More than 900 directors of research and investment professionals across roughly 500 asset management firms with significant securities holdings in Latin America have elevated BTG Pactual to the No. 1 spot for the third year in a row.

BofA Securities improved from 2022’s third place to take second in this year’s ranking. Only one team position separated it from BTG Pactual’s 25, after BofA added 8 total team positions on 2022 for a total of 24.

JPMorgan was close behind, taking third with 23 team positions. Itau BBA and Bradesco BBI placed fourth and fifth, respectively.

In line with other II surveys, participants rated the top firms across 25 sectors and then separately rated individual analysts, economists, and strategists at those firms to create two distinct rankings for each sector. Two additional leaderboards were created by weighting the responses by assets under management, which mirrored these commission-weighted results.

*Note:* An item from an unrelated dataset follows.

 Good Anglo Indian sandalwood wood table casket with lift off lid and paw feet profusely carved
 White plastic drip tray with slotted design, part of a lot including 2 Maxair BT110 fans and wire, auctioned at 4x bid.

BTG Pactual’s Sequeira reported that his team — already one of the most senior in the region — once again experienced little turnover. “I think it’s natural to have changes in the junior level but for the past few years, nobody has switched groups and this is good because they get more experience,” he said. “So I think with anything, our team became even more senior because of our associates.”

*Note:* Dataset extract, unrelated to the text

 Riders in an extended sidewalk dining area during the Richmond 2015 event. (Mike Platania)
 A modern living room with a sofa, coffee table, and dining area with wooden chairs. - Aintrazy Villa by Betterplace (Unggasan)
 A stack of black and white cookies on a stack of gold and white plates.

At BofA Securities, there is a team of economists, strategists, and equity analysts covering 15 countries based in New York, Sao Paulo, and Mexico City. Irigoyen credited his firm’s approach in the region to its increased market share. “Different from the trend in the industry, we have been hiring senior analysts and upgrading the coverage in key sectors, which allowed us to increase the market share and the number of ranked positions as clients value the investment in human capital and the commitment to the region,” he added.

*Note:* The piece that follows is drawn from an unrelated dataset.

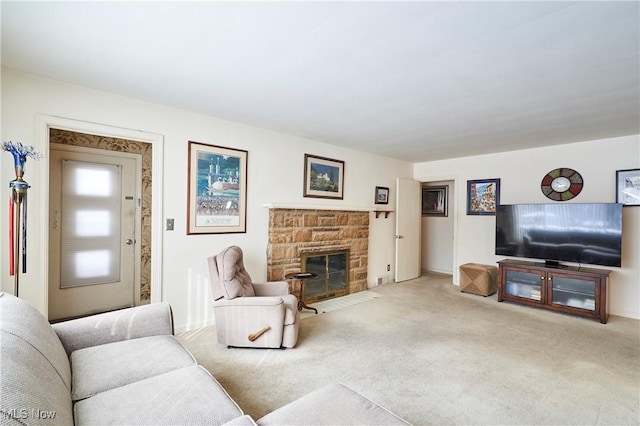 living room with a stone fireplace and light colored carpet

At JPMorgan, meanwhile, the research footprint surpasses 235 companies and should grow larger in 2023, according to Lakos. “We remain committed to developing on-the-ground insights in the region with research analysts located in São Paulo, Santiago, Mexico City, New York City, and London,” he said. “We are back on the road with regular road shows to LatAm-based and global clients and hosting in-person flagship conferences such as the Brazil and Mexico opportunities conferences.”

Mexico became an important part of the conversation this year as the nearshoring trend of moving of business operations to a closer country became more acute.

“Because of these geopolitical tensions between the U.S. and China, what is happening in the globe is that the production chains have basically divided in two,” said Sequeira. “One chain, the Americas, is serving the U.S., and one chain on the east side of the world to serve China. Mexico, because it already had all the trade agreements lined up and it is very close to the U.S., should benefit the most. Several U.S. companies are already operating out of Mexico, so I think that it became even more clear that Mexico is going to play a very big role in becoming the main provider resource for the U.S.”

Looking forward, Latin America has a great opportunity to be one of the winning regions in a world where geopolitical tension might escalate, according to BofA’s Irigoyen. “The region can benefit as commodity exporter not only of traditional commodities such as copper and grains, but also as a producer and exporter of ‘new commodities’ essential for the new world such as lithium,” he said. “It remains to see how the recent pink wave ends up affecting investor confidence, but everything indicates that the worst-case scenarios that market participants envisioned some time ago are not low probability events.”